Anybody who really thinks that T-Mobile is behind the new “Web’n’Walk” offering it trotted out last week, has really not being paying attention. It’s Google Talk, a VoIP service normally available for PC users, now sneakily able to go out over 3G data services.
The question to ask is: if Web’n’Walk is all T-Mobile’s doing, why is Google the Home Page of the new service?
Answer: the system is seen, inside Google, as a Trojan Horse to hook the mobile phone companies on VoIP and other Google Web services – and it is really part of the fierce rivalry building up between Skype (eBay) Yahoo (France Telecom) and Google (T-Mobile) to control the nascent “presence” business, with Instant Messenger and voice as the lever.
Exactly why all these people want to be in the presence business is another story – but anybody who knows what is really happening in the advertising business won’t need an explanation. The question, as far as the mobile phone operators is concerned, is whether they will actually end up with the slightest profit.

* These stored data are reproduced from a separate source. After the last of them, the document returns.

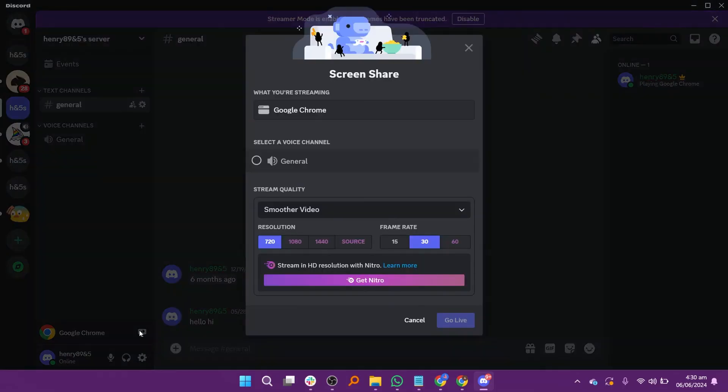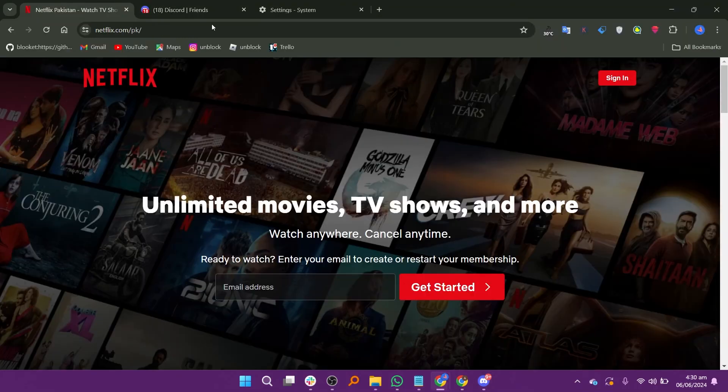On the home screen of Discord, select the server. Click on the stream Google Chrome icon at the bottom. A pop-up will display and select a voice channel to general. Select the stream quality and then click the go live button at the end. It will start sharing the screen.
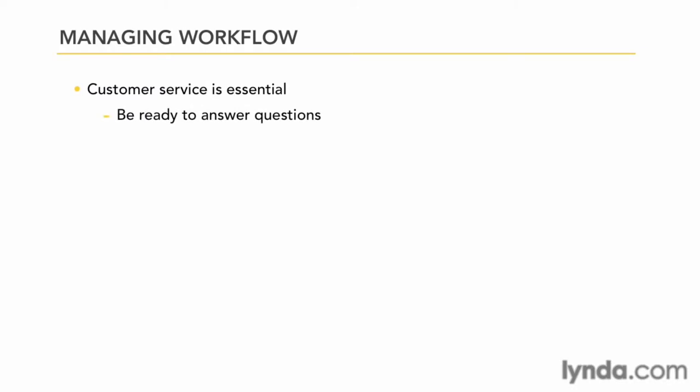You need to be ready to answer their questions. Let's look at the customer management features that allow you to do this. First thing you want to do is teach the customer to help themselves. If a customer calls you or emails you and asks for information about their account, teach them to help themselves.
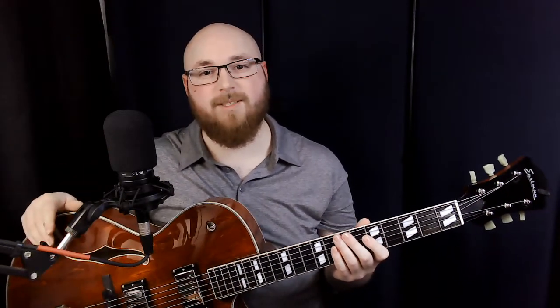All right everyone, happy new year and welcome back to the channel. I'm very excited to make this one because it's one I've been wanting to make for a very long time, but we finally have the right guitar to make it. So let's see how the Helix handles jazz guitar tones.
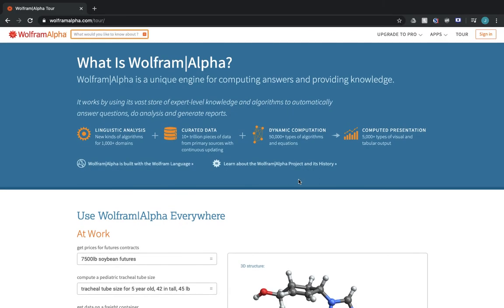Now Wolfram Alpha, unfortunately, is not totally accessible. You do need a keyboard or a mouse if you would like to use it, which is kind of upsetting because it's an awesome tool that would be great if it was fully accessible to everybody.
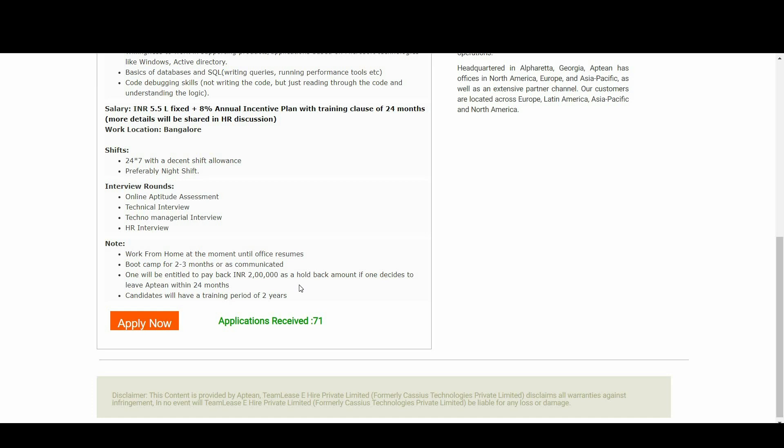Work from home at the moment until office resumes. Boot camp for 2 to 3 months or as communicated. One will be entitled to payback 2 lakh rupees as a holdback amount if one decides to leave Apteen within 24 months. This is a very much crucial important point.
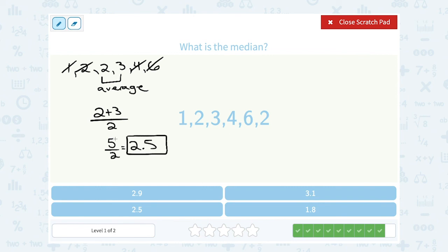Now notice: when you have to average the two middle numbers, sometimes you wind up with a median that wasn't one of the numbers in your list. That's okay. 2.5 was not in our list because I averaged two and three, but it's still the median.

Officially, the new service gives you the Web in your pocket. This is not new; the Opera press release went out announcing Web’n’Walk back in June! it would only have been in any sense new last month, if we were discussing the “3” Internet service was being leaked, since Hutchison had previously been resolutely adamant that its users would have access only to the “3” web in a walled garden. That news was known to NewsWireless readers back in broke in early September: Hutchison will be opening up its 3G phones to full Internet browsing shortly.
Indeed, the only real surprise in today’s announcement is the discovery that the Danger-designed HipTop phone, which achieved such fame as the Sidekick in the North American market, will be one of the 3G announcements from T-Mobile later this year (according to Silicon.com).
But 3G phones that can access the Internet are not a T-Mobile invention. There’s no sudden change in the way people use the Internet, and 40 megabytes of data per month isn’t worth £30 of anybody’s money, even with 100 minutes of talk time. As Tim Richardson reported on The Register, it’s hype: “Hyping up the launch of its new service T-Mobile said it believes Web’n’Walk will lead to a considerable growth in total internet usage and, ultimately, more internet traffic being carried by mobile than by fixed line.”
It will do no such thing. What it does, is open up the mobile companies to a cuckoo’s egg; Google Talk, Yahoo! Messengerwith Voice, or even MSN Messenger – not to mention Skype- all on an IP backbone.
The idea that UMTS is a suitable IP backbone will be exposed in due course. Some of the gilt will flake off as soon as next week, when the first nationwide Flash-OFDM technology network will be rolled out by Flarion in a major European capital.
UMTS will work – sort of – but it adds latency to voice which rival systems won’t suffer from – rivals like IP Wireless, like Flash-OFDM, like WiMAX-WiFi mesh networks. Effectively, it turns the expensive mobile data networks into bit pipes, fit for carrying Internet Protocol traffic – at several times the price of rival systems.
Can UMTS really compete?
T-Mobile group CEO Rene Oberman [right] either knows nothing about home broadband, or this is an attempt to bamboozle the market. “T-Mobile will turn on a High-Speed Downlink Packet Access (HSDPA) network next year that will provide download rates of up to 1.8Mbps” he told Iain Thomson, who reported that T-Mobile appears to believe that the average download speed for home fixed line broadband ranges from under 264KB to 1MB.
In fact, by the time T-Mobile gets HSDPA working for a minority of its 3G users (a tiny fraction of its market) typical cable modem speeds will be ten megabits in the UK, and ADSL2 will be matching that.
Costs of home broadband, however, will continue to be flat rate, not £30 and upwards for no more data than will allow you to transmit a couple of dozen five megapixel photos. And you will only ever get 1.8 megabits out of a 3G HSDPA wireless mast if you are right next to it, and nobody else is trying to use the same cell for mobile data. Let’s not even mention the fact that the upload speed will remain below 64 kilobits per second – slow modem speeds.
What T-Mobile gets out of this deal, is some breathing space. It is making forward-looking pronouncements, and allowing investors to imagine that this will mean “jam tomorrow” after all.